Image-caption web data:

*** Block opens ***

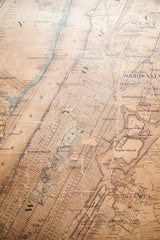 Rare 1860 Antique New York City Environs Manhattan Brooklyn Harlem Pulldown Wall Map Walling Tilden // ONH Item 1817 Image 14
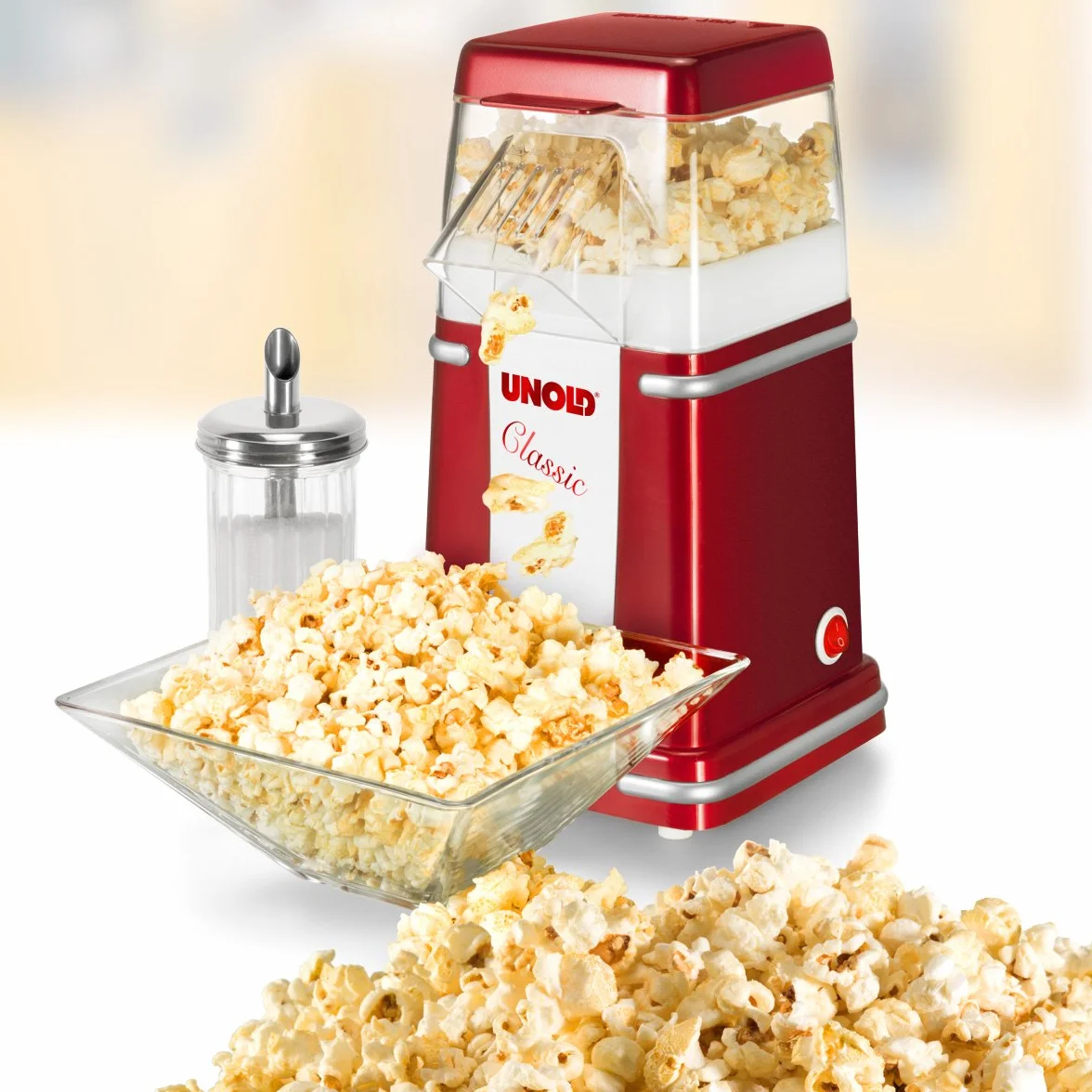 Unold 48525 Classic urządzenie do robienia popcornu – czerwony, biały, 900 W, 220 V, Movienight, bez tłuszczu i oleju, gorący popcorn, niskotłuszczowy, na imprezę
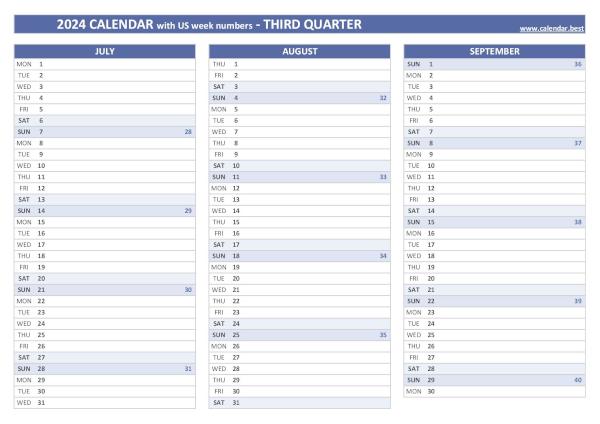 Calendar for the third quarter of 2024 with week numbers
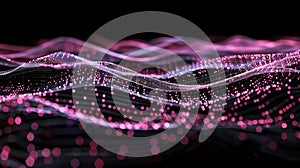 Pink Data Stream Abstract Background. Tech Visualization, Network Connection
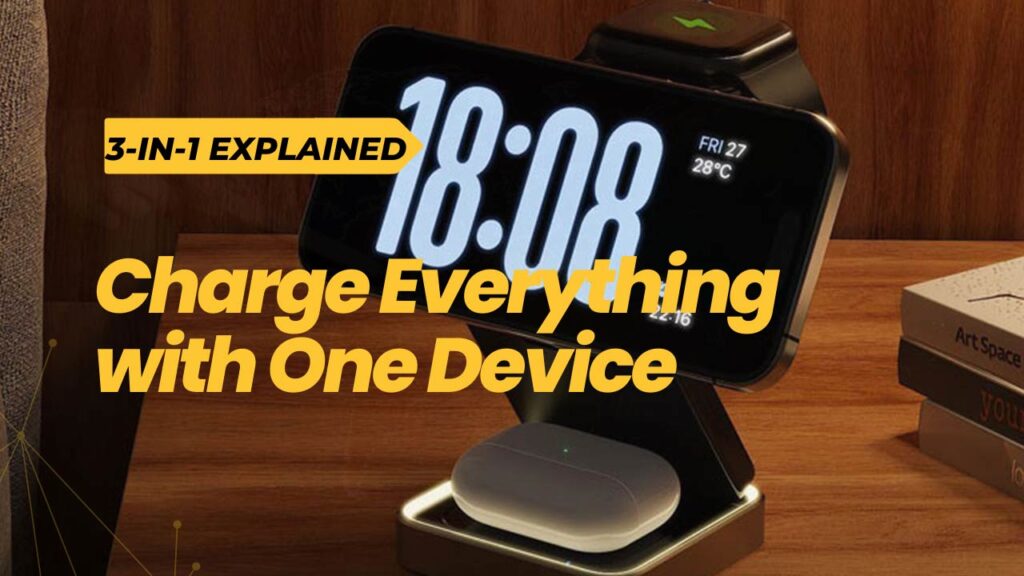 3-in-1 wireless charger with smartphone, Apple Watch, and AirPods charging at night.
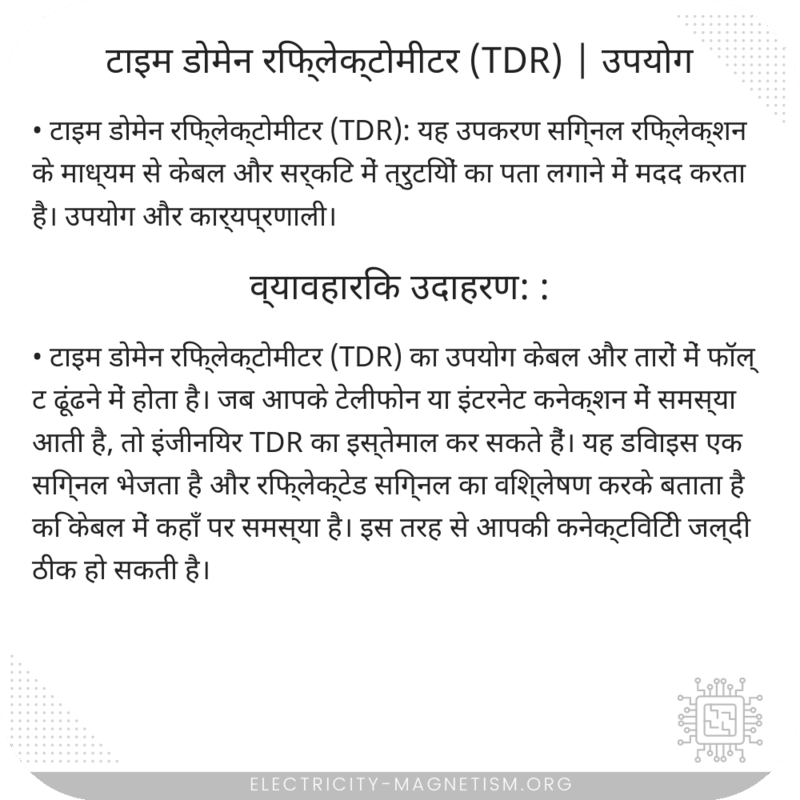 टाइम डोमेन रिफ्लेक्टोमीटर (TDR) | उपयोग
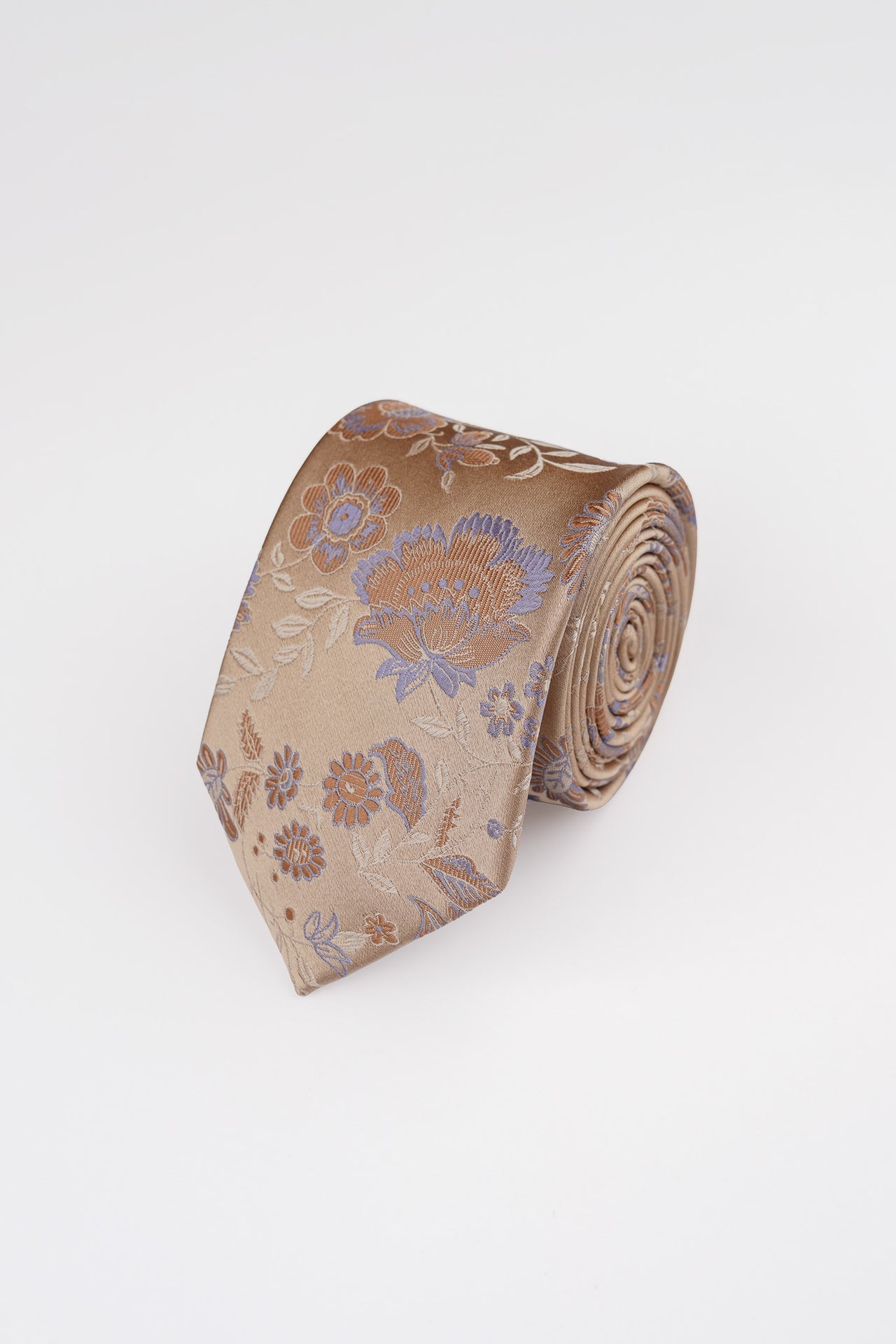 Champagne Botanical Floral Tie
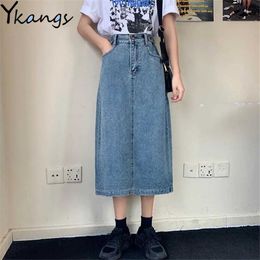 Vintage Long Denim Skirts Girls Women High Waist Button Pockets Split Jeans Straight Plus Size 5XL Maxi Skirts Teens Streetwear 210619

*** Block closes ***

§ What the exercise asks
Omit the pictures, then copy out all the data exactly as it stands.

§ Response area
 Rare 1860 Antique New York City Environs Manhattan Brooklyn Harlem Pulldown Wall Map Walling Tilden // ONH Item 1817 Image 14
 Unold 48525 Classic urządzenie do robienia popcornu – czerwony, biały, 900 W, 220 V, Movienight, bez tłuszczu i oleju, gorący popcorn, niskotłuszczowy, na imprezę
 Calendar for the third quarter of 2024 with week numbers
 Pink Data Stream Abstract Background. Tech Visualization, Network Connection
 3-in-1 wireless charger with smartphone, Apple Watch, and AirPods charging at night.
 टाइम डोमेन रिफ्लेक्टोमीटर (TDR) | उपयोग
 Champagne Botanical Floral Tie
 Vintage Long Denim Skirts Girls Women High Waist Button Pockets Split Jeans Straight Plus Size 5XL Maxi Skirts Teens Streetwear 210619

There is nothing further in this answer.